Many towboats have all of the latest inventions for quick and safe travelling in water that is often more tricky than the open sea. There’s a lot of traffic to watch out for on the Mississippi, and the river sweeps around in many bends. Mud collects on the river bottom, so the captain can’t always know how deep the water is going to be. Uprooted trees and other big things that could damage vessels often come floating downstream. And when it’s pitch dark, or when a thick fog hangs over the water, all these problems get much worse.
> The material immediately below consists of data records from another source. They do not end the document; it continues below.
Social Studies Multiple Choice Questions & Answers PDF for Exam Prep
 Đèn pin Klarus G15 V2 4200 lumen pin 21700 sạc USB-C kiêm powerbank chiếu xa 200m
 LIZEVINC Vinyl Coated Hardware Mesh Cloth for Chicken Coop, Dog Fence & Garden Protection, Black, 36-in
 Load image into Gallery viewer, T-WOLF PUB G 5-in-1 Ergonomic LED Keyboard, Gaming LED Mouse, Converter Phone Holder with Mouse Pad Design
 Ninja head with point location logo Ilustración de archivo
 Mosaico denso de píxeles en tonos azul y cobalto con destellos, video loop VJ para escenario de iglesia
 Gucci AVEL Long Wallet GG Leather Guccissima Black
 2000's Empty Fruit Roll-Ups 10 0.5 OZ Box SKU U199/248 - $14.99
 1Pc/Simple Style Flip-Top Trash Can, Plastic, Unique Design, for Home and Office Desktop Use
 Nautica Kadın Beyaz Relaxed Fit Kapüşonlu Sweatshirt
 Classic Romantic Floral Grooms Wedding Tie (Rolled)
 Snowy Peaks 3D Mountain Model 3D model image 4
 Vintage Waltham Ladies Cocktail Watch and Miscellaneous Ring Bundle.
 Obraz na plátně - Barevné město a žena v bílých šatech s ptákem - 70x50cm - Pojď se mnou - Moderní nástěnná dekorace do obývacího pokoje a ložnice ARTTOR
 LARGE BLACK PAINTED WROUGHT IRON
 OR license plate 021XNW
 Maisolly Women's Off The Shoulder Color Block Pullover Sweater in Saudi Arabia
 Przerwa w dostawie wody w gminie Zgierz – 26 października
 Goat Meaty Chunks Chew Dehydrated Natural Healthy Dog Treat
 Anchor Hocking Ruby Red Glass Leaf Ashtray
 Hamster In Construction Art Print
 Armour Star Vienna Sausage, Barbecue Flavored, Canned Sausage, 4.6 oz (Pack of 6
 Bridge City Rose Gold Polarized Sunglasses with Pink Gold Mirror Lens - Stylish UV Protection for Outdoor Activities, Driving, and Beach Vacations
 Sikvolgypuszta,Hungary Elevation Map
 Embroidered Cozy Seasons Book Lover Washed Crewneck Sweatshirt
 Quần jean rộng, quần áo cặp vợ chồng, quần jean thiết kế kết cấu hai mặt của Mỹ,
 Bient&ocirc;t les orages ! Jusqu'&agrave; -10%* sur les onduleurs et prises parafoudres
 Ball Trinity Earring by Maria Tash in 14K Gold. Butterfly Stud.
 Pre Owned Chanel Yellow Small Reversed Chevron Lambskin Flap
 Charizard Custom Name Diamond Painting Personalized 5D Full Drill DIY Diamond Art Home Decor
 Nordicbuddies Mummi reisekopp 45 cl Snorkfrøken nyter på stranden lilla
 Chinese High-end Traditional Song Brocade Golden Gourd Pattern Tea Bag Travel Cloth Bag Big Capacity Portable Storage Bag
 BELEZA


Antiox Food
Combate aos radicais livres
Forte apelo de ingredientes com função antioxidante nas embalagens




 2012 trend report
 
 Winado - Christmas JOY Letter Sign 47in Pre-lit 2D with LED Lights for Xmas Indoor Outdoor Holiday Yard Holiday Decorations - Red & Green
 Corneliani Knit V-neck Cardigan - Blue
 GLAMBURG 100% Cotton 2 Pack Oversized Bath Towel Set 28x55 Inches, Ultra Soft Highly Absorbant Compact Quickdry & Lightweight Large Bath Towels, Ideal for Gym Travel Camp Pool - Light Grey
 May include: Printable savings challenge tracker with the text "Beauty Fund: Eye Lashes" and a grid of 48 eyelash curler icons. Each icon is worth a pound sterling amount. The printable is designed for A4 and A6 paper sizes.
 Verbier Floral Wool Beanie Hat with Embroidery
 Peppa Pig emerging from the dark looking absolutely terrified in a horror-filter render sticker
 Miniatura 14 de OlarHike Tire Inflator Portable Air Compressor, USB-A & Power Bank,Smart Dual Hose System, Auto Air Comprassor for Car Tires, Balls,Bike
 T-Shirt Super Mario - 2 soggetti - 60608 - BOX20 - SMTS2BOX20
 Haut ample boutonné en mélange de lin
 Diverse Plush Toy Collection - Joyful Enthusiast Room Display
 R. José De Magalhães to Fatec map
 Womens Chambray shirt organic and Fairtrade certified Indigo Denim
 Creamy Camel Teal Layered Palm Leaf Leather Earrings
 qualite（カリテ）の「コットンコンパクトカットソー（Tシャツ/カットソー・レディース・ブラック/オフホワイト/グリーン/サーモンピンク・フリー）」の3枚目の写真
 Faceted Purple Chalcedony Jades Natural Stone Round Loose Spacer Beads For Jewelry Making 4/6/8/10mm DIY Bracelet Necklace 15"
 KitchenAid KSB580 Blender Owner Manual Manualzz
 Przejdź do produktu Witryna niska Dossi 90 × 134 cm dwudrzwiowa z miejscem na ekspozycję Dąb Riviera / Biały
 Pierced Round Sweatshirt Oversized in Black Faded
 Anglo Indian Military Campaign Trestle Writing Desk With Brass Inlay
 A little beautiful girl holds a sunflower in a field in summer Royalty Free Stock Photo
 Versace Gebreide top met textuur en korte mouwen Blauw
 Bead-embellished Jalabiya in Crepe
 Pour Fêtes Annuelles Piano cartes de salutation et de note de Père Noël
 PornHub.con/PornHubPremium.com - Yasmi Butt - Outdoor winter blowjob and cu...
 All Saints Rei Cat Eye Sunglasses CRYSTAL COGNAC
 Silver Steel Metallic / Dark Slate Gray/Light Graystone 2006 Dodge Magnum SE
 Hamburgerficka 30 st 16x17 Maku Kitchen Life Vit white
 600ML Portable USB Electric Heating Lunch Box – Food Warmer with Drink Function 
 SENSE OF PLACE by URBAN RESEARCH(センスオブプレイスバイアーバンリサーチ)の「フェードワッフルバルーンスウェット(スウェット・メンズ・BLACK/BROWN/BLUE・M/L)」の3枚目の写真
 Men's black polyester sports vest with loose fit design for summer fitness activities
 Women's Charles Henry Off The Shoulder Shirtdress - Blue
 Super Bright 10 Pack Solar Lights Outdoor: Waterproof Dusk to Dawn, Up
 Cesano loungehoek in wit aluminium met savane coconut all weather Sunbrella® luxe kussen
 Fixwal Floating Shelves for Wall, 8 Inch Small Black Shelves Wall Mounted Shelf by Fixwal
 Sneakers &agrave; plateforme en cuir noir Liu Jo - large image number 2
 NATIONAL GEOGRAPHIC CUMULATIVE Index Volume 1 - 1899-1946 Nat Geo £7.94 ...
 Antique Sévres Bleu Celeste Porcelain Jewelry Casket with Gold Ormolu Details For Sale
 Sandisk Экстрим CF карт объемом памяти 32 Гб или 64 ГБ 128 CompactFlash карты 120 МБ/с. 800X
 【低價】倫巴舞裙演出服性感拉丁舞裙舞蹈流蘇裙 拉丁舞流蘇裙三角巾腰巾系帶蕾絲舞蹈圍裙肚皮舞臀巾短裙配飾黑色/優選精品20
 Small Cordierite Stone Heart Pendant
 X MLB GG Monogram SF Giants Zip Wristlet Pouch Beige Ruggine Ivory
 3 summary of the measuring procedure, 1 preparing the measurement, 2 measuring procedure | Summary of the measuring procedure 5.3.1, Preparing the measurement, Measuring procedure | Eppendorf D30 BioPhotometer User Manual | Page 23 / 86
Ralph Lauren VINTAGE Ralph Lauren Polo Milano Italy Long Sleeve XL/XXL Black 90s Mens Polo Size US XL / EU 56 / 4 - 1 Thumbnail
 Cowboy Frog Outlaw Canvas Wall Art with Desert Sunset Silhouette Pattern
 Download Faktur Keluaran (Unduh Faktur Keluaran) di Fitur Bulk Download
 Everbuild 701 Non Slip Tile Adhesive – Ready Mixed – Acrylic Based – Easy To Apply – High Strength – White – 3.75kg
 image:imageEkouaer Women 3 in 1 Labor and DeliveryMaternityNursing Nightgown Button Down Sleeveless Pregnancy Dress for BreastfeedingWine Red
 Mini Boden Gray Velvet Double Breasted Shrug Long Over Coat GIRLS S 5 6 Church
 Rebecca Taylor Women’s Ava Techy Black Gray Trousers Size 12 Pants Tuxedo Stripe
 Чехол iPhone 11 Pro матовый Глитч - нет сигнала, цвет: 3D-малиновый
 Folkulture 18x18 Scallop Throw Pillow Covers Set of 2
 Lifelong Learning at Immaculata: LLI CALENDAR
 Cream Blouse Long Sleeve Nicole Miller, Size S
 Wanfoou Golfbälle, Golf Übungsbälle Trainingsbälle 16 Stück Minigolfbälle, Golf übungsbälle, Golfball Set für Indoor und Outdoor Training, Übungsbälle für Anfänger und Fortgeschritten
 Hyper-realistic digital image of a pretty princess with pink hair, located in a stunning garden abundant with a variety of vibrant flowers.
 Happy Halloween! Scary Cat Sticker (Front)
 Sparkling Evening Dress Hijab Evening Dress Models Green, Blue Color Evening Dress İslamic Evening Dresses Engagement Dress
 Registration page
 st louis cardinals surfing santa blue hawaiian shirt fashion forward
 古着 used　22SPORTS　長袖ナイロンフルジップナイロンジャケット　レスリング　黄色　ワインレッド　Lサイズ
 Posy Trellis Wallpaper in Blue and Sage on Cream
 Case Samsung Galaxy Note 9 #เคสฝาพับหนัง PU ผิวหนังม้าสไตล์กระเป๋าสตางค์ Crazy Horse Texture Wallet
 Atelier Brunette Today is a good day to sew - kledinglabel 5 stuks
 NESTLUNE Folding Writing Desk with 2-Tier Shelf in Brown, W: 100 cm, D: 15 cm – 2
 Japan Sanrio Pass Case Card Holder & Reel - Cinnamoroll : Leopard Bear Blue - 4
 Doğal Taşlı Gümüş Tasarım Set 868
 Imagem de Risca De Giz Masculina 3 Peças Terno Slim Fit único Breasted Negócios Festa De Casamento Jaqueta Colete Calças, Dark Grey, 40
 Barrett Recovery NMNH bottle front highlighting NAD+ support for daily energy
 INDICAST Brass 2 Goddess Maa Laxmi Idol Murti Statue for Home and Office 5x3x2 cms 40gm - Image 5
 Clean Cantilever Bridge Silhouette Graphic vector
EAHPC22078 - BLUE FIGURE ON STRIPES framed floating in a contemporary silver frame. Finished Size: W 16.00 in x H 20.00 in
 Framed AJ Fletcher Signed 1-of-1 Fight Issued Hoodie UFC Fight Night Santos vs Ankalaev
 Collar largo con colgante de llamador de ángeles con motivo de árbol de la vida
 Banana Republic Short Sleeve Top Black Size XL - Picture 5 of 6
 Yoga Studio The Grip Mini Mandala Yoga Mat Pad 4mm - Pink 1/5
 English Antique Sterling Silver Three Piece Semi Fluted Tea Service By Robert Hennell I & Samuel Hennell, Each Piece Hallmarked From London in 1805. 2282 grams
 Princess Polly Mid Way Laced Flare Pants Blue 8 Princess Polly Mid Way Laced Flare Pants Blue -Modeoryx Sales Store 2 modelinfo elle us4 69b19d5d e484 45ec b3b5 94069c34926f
Radar is one of the inventions that help towboats avoid danger. Radar sends out radio waves which bounce back to the towboat from anything they hit. In the towboat’s pilothouse is a radarscope, which is a little like a television screen. The returning radio waves show up as spots of light called pips on the radarscope. By looking at the pips, the pilot can locate the shores of the river, other vessels, floating trees and anything else that’s dangerous.

Another wonderful invention, called a depth recorder, tells the pilot how deep the water is under the head barge in his tow. If the river seems to be getting shallow, he can steer the whole tow into safer water. The depth recorder works by sending out sound waves and making a record of them when they bounce back from the river bottom.

In the old days, river craft had a leadman who measured depth with a line tied to a lead weight. Knots and pieces of leather marked the line. Even at night the leadman could tell by feel how deep the water was. For instance, if his fingers felt that the line was wet up to a place where there were two strips of leather, he would know that two fathoms (twelve feet) of water lay underneath. Two markers at two fathoms. “By the mark twain,” the leadman would call out to the captain.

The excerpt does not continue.